Conflict, imposition, and morality

delwynmarch delwynmarch at yahoo.com
Tue Sep 20 10:41:34 UTC 2005


No: HPFGUIDX 140522

Sandy aka msbeadsley wrote:
"There is no empirical evidence I know of for 
any deity's existence or for the tenets of any 
religion outside the humans who 
compiled/composed/received them."

Del replies:
If you're speaking of an empirical evidence 
"knowable" by everyone at once, you're right. 
However, if you're speaking of evidence 
"knowable" by one person, you're not that 
right anymore. The Holy Ghost, for example, 
can provide absolute personal evidence, but 
that evidence is not transferable.

Moreover, your comments bring up an interesting 
question: what is the empirical evidence in 
the Potterverse that Light is right and that 
Dark is wrong? What is the empirical evidence 
that DD is right and that LV is wrong? Apart 
from people's own convictions and desires, 
what is there to say that LV's view isn't just 
as right as DD's? In fact, we do know that quite 
a few people didn't use to think that Dark and 
LV were wrong.

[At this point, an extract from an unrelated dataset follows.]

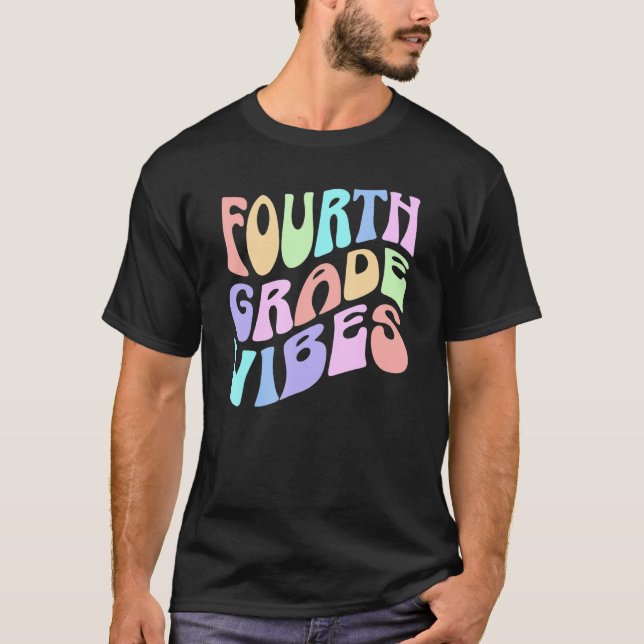 Camiseta Back To School Fourth Grade Vibes First Day Teache (Frente)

Sirius told us that his own 
parents, and several others, thought that LV 
had it right in his ideology. It seems like 
the true reason the WW as a group turned against 
LV is not so much a moral reason, but rather 
fear: they are scared of LV and what he's done. 
They turned against his methodology, but not 
so much against his ideology, as demonstrated 
by all the bigoted and racist attitudes still 
exhibited by a lot of wizards and witches. So 
technically LV is wrong to break the law and 
kill people, and that's why he's being so 
strongly opposed. But he's apparently not so 
wrong, by WW morality, to think as he does.

I, Del, wrote earlier:
"I would never adopt Snape's code even if I 
abandoned mine, simply because I know that 
Snape's code is a painful one."

Sandy aka msbeadsley replied:
"Are you saying that it pains Snape, or that 
it would pain you?"

Del answers:
Both :-) I know I would end up feeling lots of 
emotional pain if I decided to hold to grudges,
for example, and I am convinced that Snape 
similarly hurts himself by holding to his own 
grudges.

Sandy aka msbeadsley wrote:
"But the law has its basis in codes that go 
back to God as well; so then, why is it 
necessary that "those who don't know God" 
respect the law?"

Del replies:
Because the majority wants them to, and 
provided punishments for those who would do 
otherwise. I didn't mean respect as in 
"support, or uphold", but more as in "fear, 
or go along with". 

Sandy aka msbeadsley wrote:
"There is no obligation for anyone to even 
respect the majority's morality, IMO. There 
are only various consequences if they don't."

Del replies:
That's what I meant :-) Respect doesn't 
necessarily come out of moral agreement, it 
can simply be a self-preservation attitude. 
As in "respecting" Umbridge and her educational 
decrees, for example: people complied with 
them, at least on the surface, not because 
they agreed with them, but simply to stay out 
of troubles.

Sandy aka msbeadsley wrote:
"An obligation only exists if the person in 
question adopts the majority's morality, even 
if they only do so in the sense of trying to 
use them to modify *others'* behavior. Once 
they buy in, they're stuck. IMO."

Del replies:
Not sure what you mean here, sorry.

Sandy aka msbeadsley wrote:
"Snape is furious, AFAWK, when Harry invades 
his privacy (memories in the Pensieve). 
Privacy is part of a moral/social code outside 
of law. Snape insists on other respectful 
forms as well; IMO, once he demands that 
others adhere to a code of moral/social 
conduct, he obligates himself as well. It is 
one thing to refuse to adhere to a code if 
the reason is that you do not recognize it as 
correct or relevant or useful; once you do, 
if you ignore it at only at your own 
convenience, then, IMO, you are morally in 
error. Inherently. Regardless of the code in 
question."

Del replies:
You're making a slight mistake, though: 
respect of the privacy and the person of 
superiors are not components of only one 
moral code. They are integral parts of many 
other moral codes that *do not* include 
reciprocity to inferiors. In fact, they are 
even part of LV's "moral code": he, as the 
Lord, has the right to humiliate his 
subordinates, torture them, invade their 
privacy, and so on, but they don't have the 
right to reciprocate, and they must always 
show him respect. This is exactly how Snape 
is acting towards LV: he always calls him 
"the Dark Lord", for example, not 
"You-Know-Who". He also tended to do that 
with DD, shutting up when DD told him to, for 
example, and always calling him in respectful 
terms. So the facts that Snape reserves the 
right to invade his students' privacy and to 
disrespect them while at the same time 
demanding that they respect his own privacy 
and person are not at all incompatible. They 
just show that Snape doesn't go with the 
reciprocating-to-inferiors moral code, and 
there's nothing inherently wrong with that.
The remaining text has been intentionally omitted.